▶ **WORK TO BE COMPLETED**
For this exercise, restate word for word only the lines from the one containing "クイーンズ4の内装写真" through the last line below. Pictures do not get copied.

▶ **RECORD EXTRACTS**

>>>>

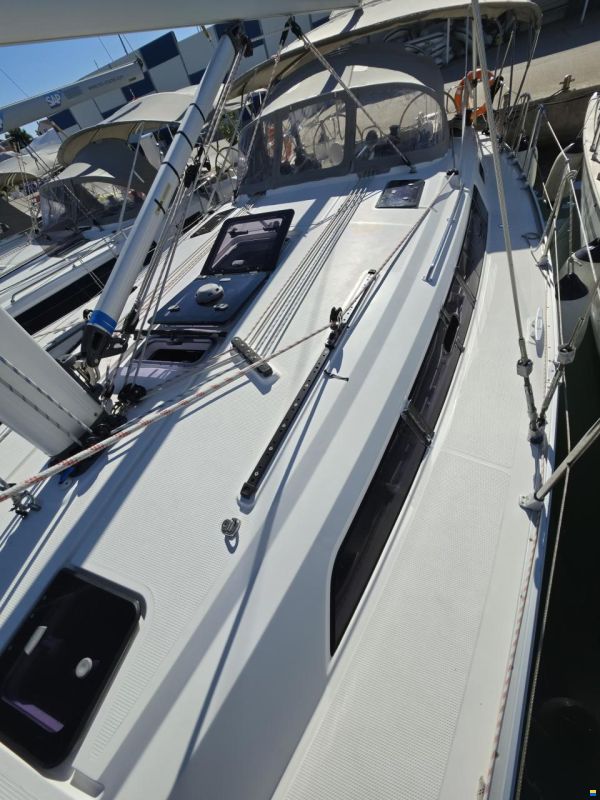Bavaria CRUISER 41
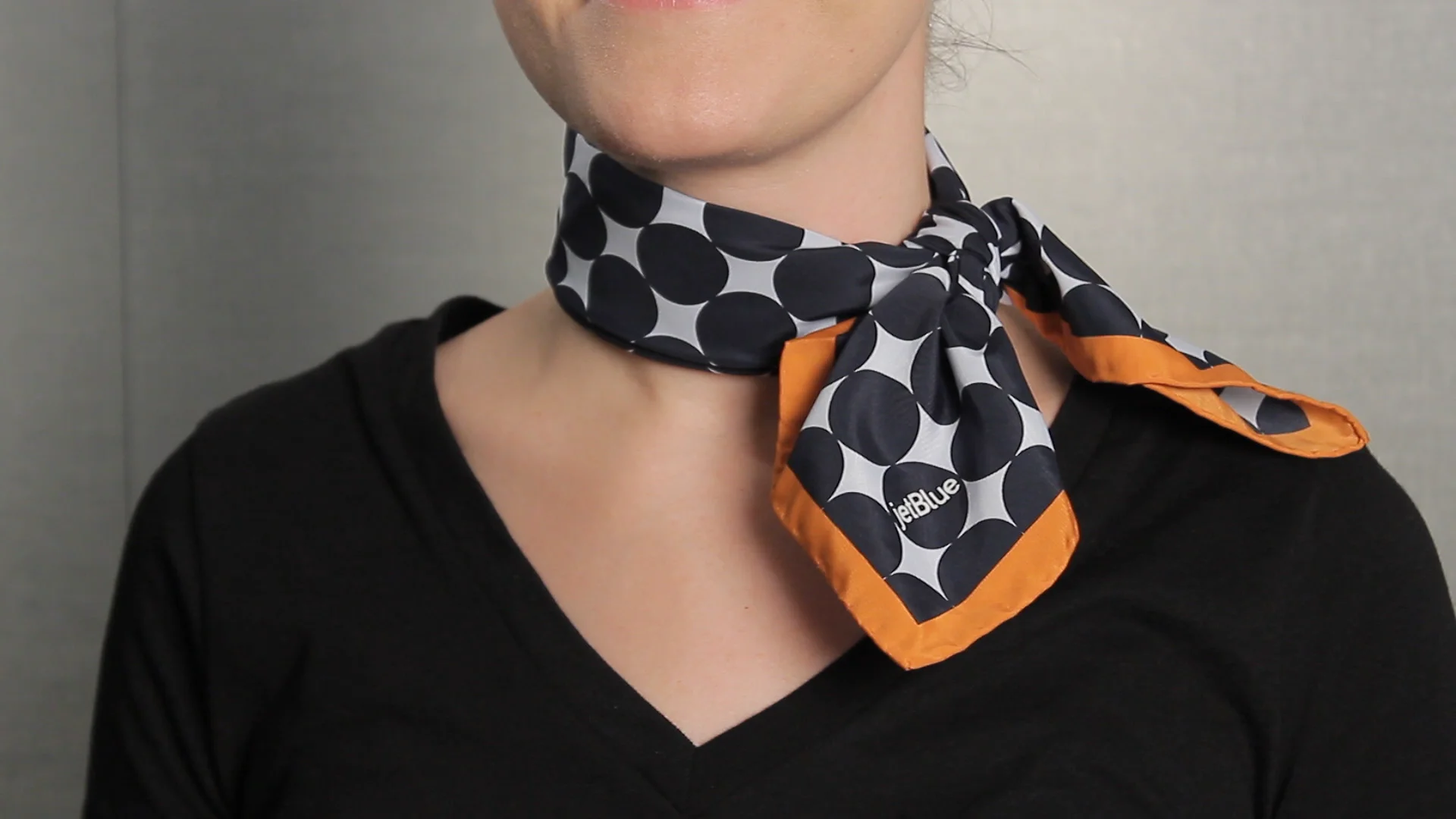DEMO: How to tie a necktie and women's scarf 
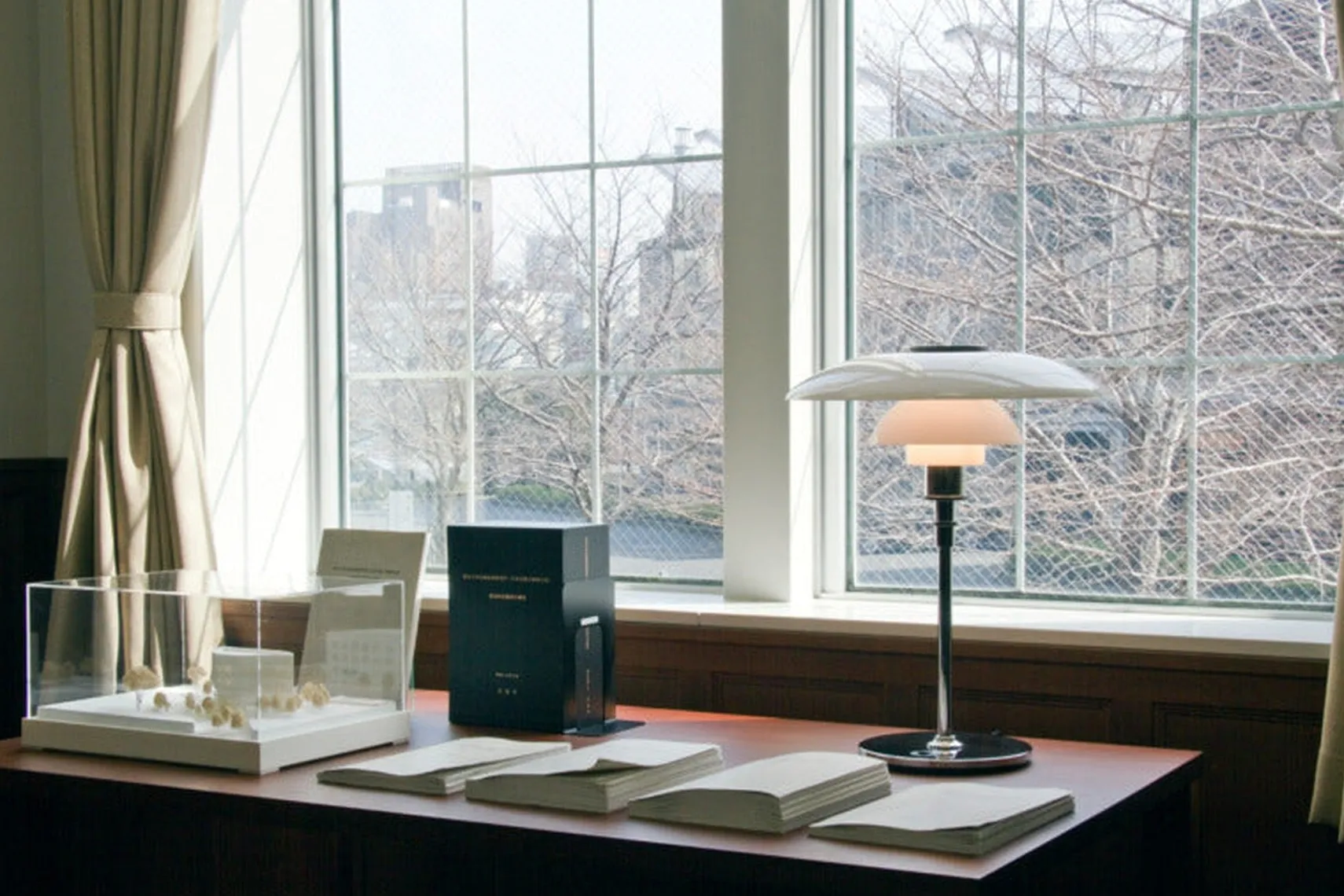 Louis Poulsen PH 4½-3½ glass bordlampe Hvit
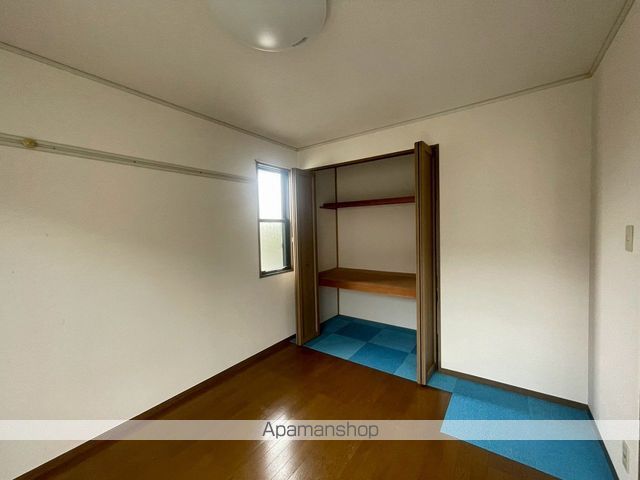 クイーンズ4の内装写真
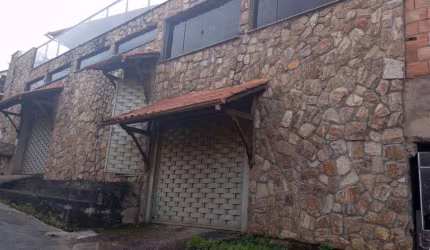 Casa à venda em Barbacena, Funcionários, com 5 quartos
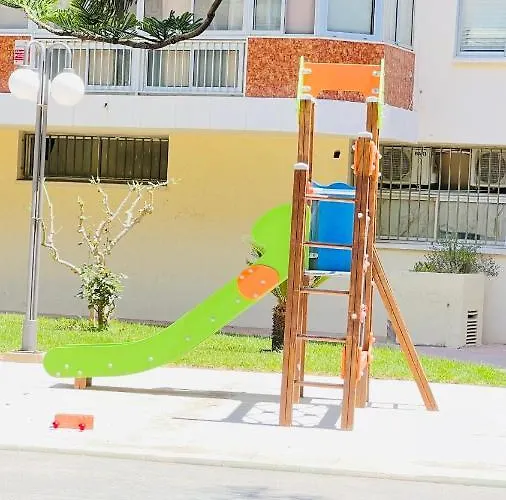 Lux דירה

<<<<

▶ **SOLUTION FOR THIS PROBLEM**
 クイーンズ4の内装写真
 Casa à venda em Barbacena, Funcionários, com 5 quartos
 Lux דירה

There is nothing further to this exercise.